Slumdog Millionaire - a film that doesn’t really fit in anywhere…


Slumdog Millionaire (UK/France, 2008)

Seen: Saturday, 21st February 2009 (cinema, special screening)
Runtime: 120′
Polish Distributor: Monolith Plus (27th February 2009)
Release Date (worldwide): 30th August 2008
Director: Danny Boyle, Loveleen Tandan (co-director)
Cast: Dev Patel, Anil Kapoor, Freida Pinto, Irrfan Khan
Production House: Celador Films, Film4, Pathé Pictures International
Plot: (from imdb)

A Mumbai teen who grew up in the slums, becomes a contestant on the Indian version of “Who Wants To Be A Millionaire?” He is arrested under suspicion of cheating, and while being interrogated, events from his life history are shown which explain why he knows the answers.

This is one of the promos for the Indian market. If you want to see the English theatrical trailer then check it out in my film spotting post.

Impressions In Short
I think it is neither as great nor as bad as some people will have you believe. It’s certainly a pleasant film to watch though.

More About the Film
This film is a bit of a misfit - it doesn’t really belong anywhere. It doesn’t follow the commercial rules of either Hollywood or Bollywood, nor is it an art house film. It has a lot of elements of India in it, but it is also very clearly a film of an outsider looking in rather than a film that is truly Indian in character (though it does pay a small homage to Bollywood - particularly with its one dance sequence).
I guess this is why Warner Bros felt the film would be difficult to sell and it was originally going to be released straight to DVD. Eventually Warner Bros passed it on for distribution to Fox Searchlight and gosh must they be kicking themselves lol
For me the film had two really, really strong points. The screenplay was amazing - one rarely sees something that’s constructed so well. And just to be clear - I don’t mean the story. The story is just a simple tale of an underdog and his love for a girl. I specifically mean the screenplay, as in the way the story was told. It has terrific suspense (not something you usually get much of in love stories :]) and it’s just very originally told. I was very happy to see Simon Beaufoy get the Oscar for it. Then the other thing that was really exceptional was the way the sound was mixed. The way the sounds of Mumbai and the music and everything were put together was very unique. In fact I remember reading A.R. Rahman attributing the attention his soundtrack received to the mixing of it - nobody had mixed it like that before. So I’m really happy that the Oscar for Sound Mixing went to Slumdog :)
The music of course was really good as well, but IMO A.R. Rahman is a great composer, period. I don’t think this is necessarily his best work ever. This is just the first time he’s had the opportunity to be globally recognised and I’m happy he has :)
The rest of the film for me was very good, just not exceptional. I mean I probably would have been more positive than I’m being at the moment if not for the hype levels that are surrounding Slumdog. When you’re expecting a lot from a film, one tends to watch it with a more critical eye (or at least I do ;)), so it’s kind of harder to be really impressed.

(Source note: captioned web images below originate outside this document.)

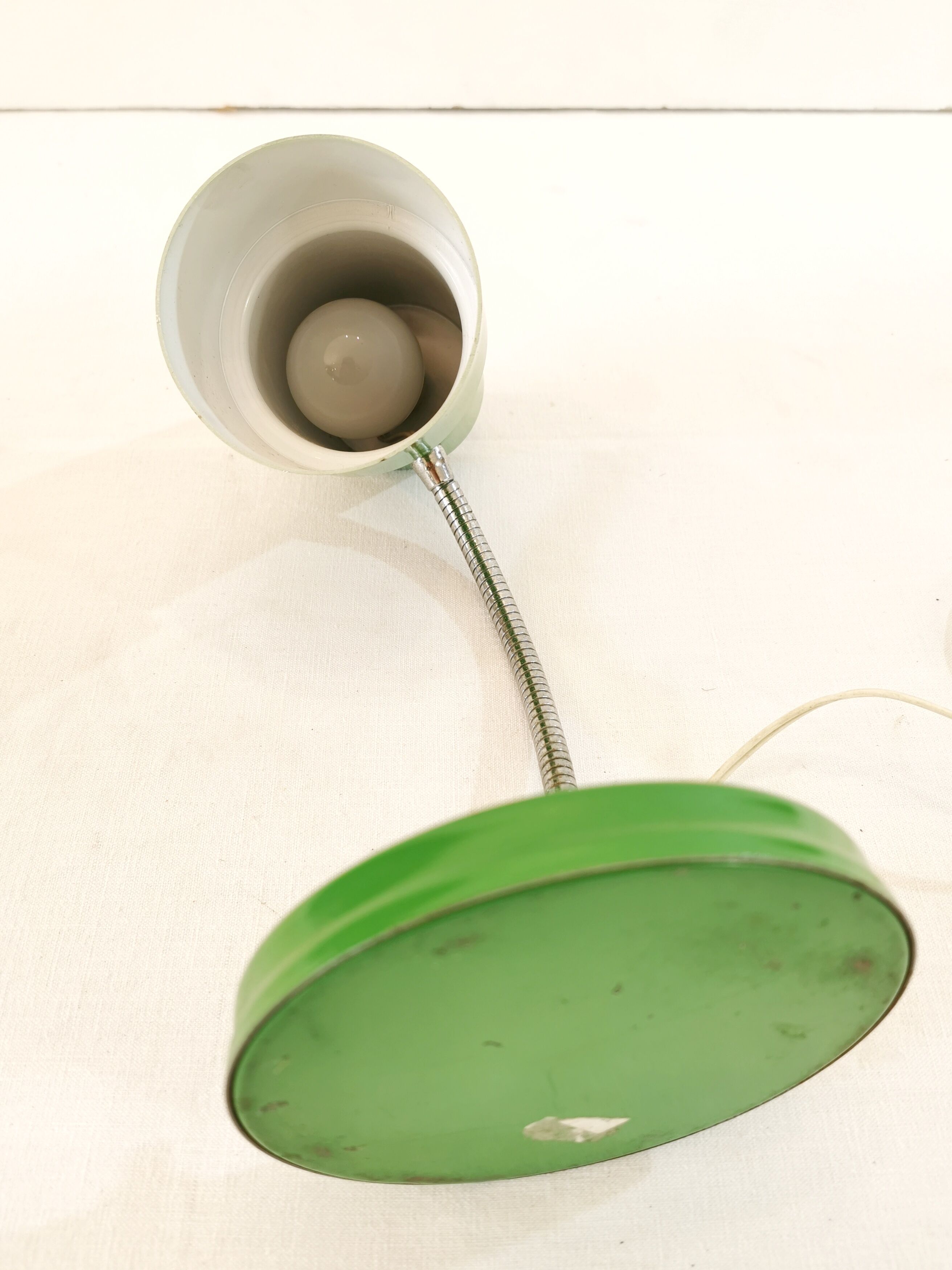 Flexible lamp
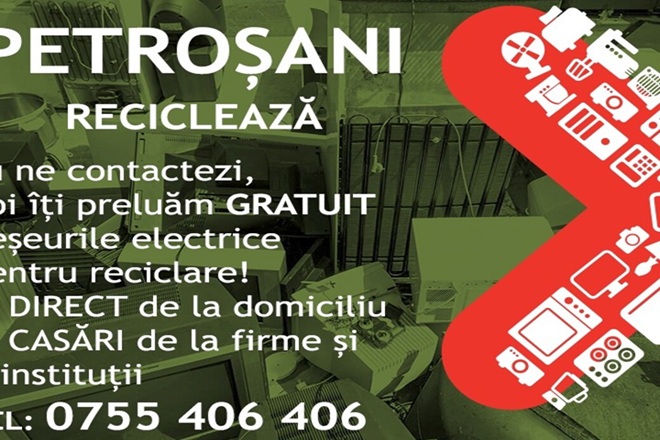 Primaria Petrosani. Mai verde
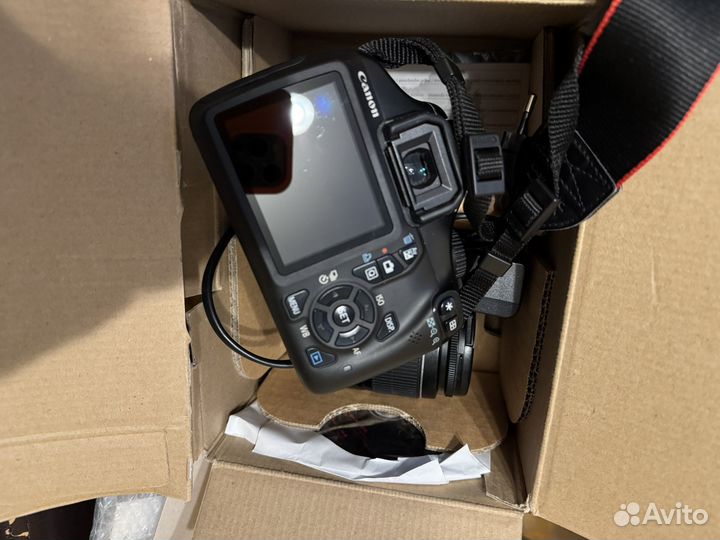 Фотоаппарат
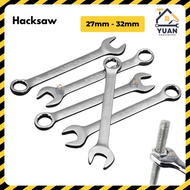 27MM - 32MM Venus Chrome Combination Wrench Spanner | Spanar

Yep. I don’t think it is quite as good as the hype surrounding it, but it’s definitely worth watching. I think most of the people who dislike it are unhappy because they want it to have some sort of deeper meaning, whereas Slumdog is just a feel-good kind of movie.
But quite apart from that, I think that if you have a serious interest in cinema, you should see it even if you’re expecting to hate it. I’m pretty sure this film is going to be in cinema history books. Films like Titanic, The Matrix or Amelie may not be universally loved (I don’t really love any of them ;-P), but they changed things - changed the way producers and distributors thought about films. I reckon Slumdog is going to change things too.